Start of Material to process

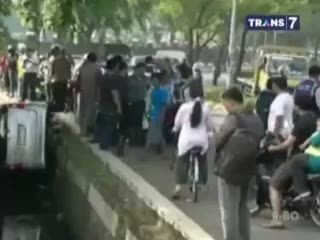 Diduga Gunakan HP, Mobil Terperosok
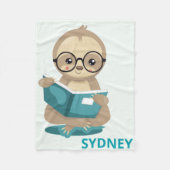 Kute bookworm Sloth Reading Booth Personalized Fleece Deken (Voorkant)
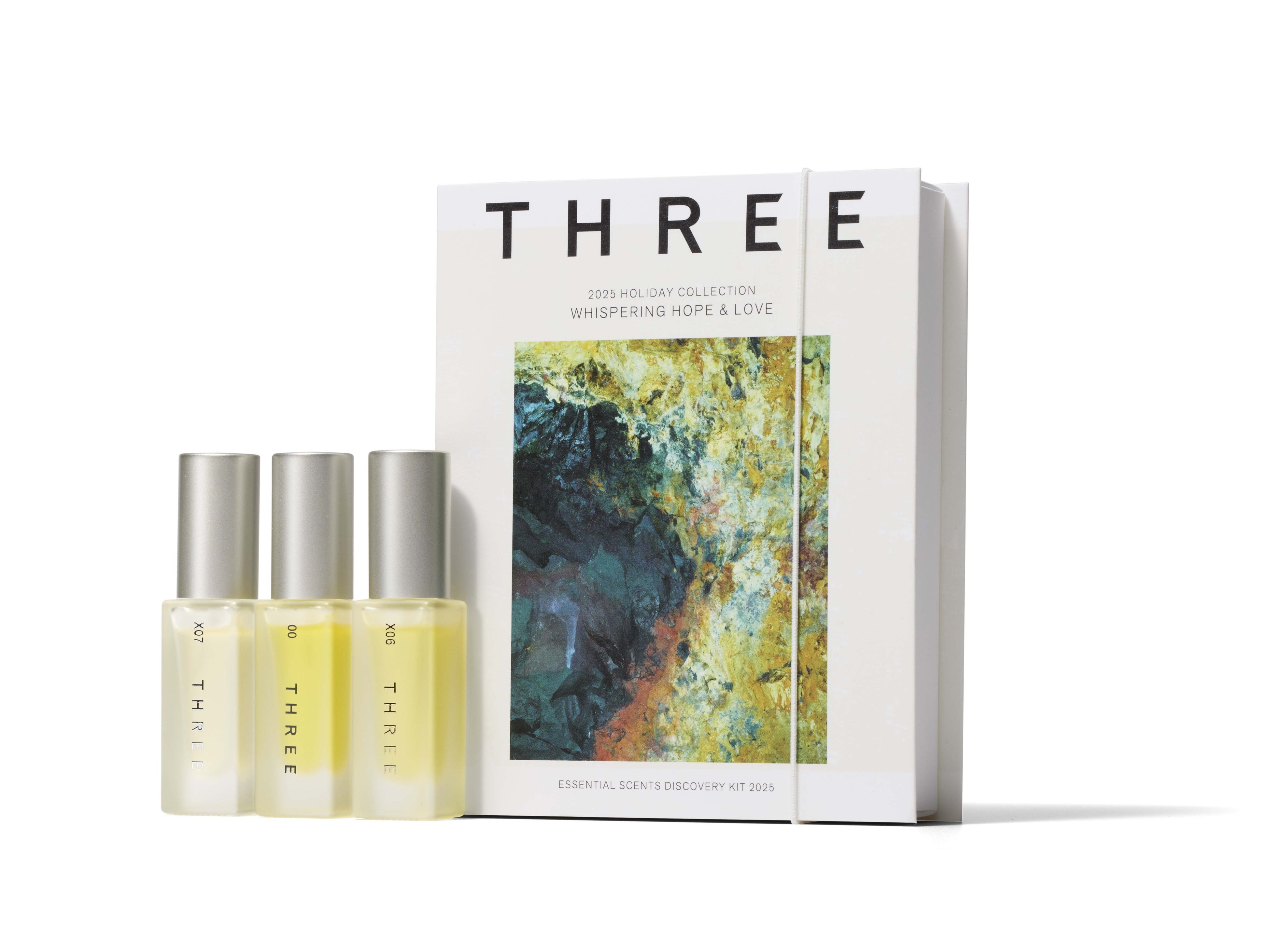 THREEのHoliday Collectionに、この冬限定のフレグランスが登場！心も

End of Material to process
Start of Material to process

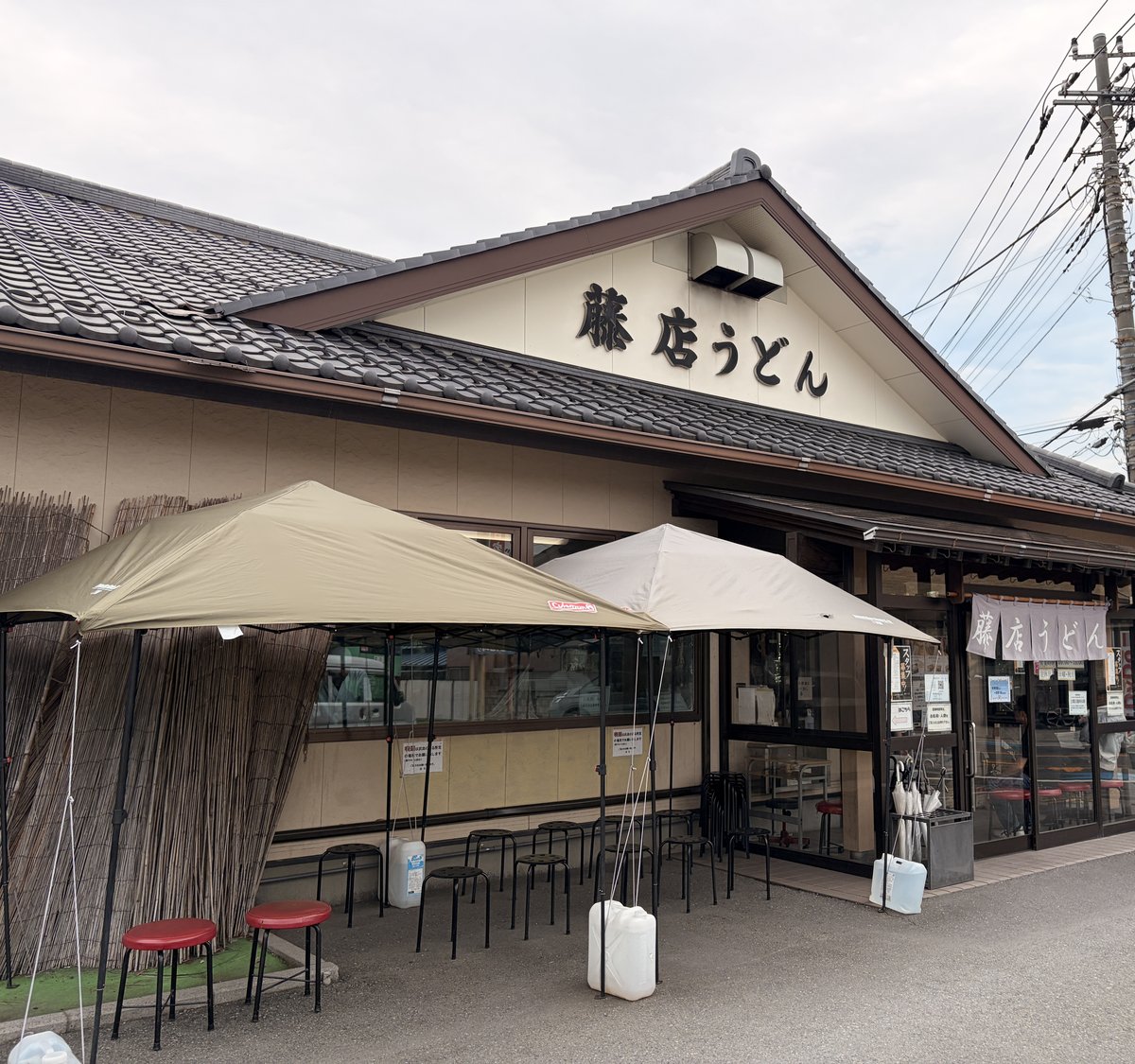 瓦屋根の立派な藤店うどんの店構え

End of Material to process

Give back, exactly and without pictures, the stretch of the records above from the line containing "Diduga Gunakan HP, Mobil Terperosok" through the line containing "THREEのHoliday Collec", with both end lines included.

 Diduga Gunakan HP, Mobil Terperosok
 Kute bookworm Sloth Reading Booth Personalized Fleece Deken (Voorkant)
 THREEのHoliday Collectionに、この冬限定のフレグランスが登場！心も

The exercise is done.